Leaktracer: A Rust allocator to trace memory allocations

A simple allocator to help you find leaks and memory issues in your Rust applications

June 26, 202511 min read

A few days ago, I had a memory issue in one of my Rust applications.

The application was huge, and for some reason the memory kept growing with hundreds of gigabytes of memory allocated, but I couldn't find the source of the leak.

Of course I know there are tools like valgrind or heaptrack, but I was actually expecting something to embed in my application and very easy to use to do that, since we can implement our own allocators in Rust.

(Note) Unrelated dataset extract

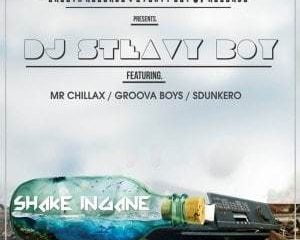 DJ Steavy Boy – Shake Ingane Ft. Mr. Chillax, Groova Boys & Sdunkero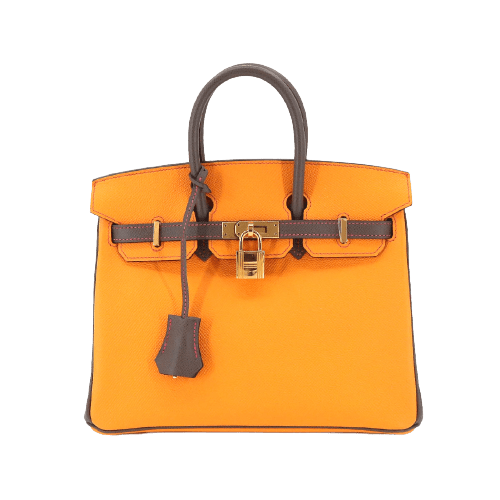 Hermès Hermes Birkin 25 HSS Jaune Dor / Taupe Epsom GHW #A ASL8698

Actually, there are some solutions, but they were too long to setup, or not really what I was looking for.

So I thought it would be a good idea to create a simple allocator that would be able to trace memory allocations and deallocations, and give the user the ability to dump the allocations to a file, and then analyze them.

The idea behind Leaktracer

The idea was to create a simple allocator with the following features:

  • Trace all memory allocations and deallocations.
  • Give the freedom to the user on how to dump the allocations.
  • Be extremely easy to integrate in an existing application, if possible with a single line of code.

The implementation

Defining the allocator

I started implementing Leaktracer by defining the allocator, called LeaktracerAllocator, which implements the GlobalAlloc trait. This trait is used to define a global allocator in Rust.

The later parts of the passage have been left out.